** Opening Data shown block **
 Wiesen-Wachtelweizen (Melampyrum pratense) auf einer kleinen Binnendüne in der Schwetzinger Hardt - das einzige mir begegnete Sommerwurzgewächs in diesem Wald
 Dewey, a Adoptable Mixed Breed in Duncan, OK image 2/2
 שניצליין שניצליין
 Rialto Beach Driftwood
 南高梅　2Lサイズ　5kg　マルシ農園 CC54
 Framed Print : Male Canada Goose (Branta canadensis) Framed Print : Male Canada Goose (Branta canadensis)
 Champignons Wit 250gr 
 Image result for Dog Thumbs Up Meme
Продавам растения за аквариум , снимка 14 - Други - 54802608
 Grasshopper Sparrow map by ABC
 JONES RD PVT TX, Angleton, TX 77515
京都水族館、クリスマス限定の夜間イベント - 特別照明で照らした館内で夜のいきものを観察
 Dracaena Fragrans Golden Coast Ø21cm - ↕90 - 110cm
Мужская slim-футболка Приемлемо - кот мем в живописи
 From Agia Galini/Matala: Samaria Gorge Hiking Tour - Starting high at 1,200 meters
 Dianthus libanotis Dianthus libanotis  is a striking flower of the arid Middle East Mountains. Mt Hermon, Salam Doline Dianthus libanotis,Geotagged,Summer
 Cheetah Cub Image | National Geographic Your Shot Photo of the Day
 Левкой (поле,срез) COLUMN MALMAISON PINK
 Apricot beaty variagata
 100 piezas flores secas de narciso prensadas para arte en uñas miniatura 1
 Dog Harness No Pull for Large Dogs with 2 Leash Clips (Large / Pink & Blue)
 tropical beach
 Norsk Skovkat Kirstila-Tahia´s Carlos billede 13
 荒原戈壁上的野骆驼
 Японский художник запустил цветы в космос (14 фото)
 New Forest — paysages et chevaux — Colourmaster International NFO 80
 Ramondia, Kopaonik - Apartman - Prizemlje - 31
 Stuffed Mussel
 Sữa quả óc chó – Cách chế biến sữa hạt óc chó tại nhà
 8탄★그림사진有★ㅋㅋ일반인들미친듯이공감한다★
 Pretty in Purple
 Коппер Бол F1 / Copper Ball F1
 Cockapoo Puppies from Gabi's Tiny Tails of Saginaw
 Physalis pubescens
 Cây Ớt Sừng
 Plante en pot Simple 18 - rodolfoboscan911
** Closing Data shown block **
Task item: Could you transcribe the entries above word for word, from the line with "Grasshopper Sparrow map by ABC" down to the line with "From Agia Galini/Matala: Samaria", keeping both?

The completed task:
 Grasshopper Sparrow map by ABC
 JONES RD PVT TX, Angleton, TX 77515
京都水族館、クリスマス限定の夜間イベント - 特別照明で照らした館内で夜のいきものを観察
 Dracaena Fragrans Golden Coast Ø21cm - ↕90 - 110cm
Мужская slim-футболка Приемлемо - кот мем в живописи
 From Agia Galini/Matala: Samaria Gorge Hiking Tour - Starting high at 1,200 meters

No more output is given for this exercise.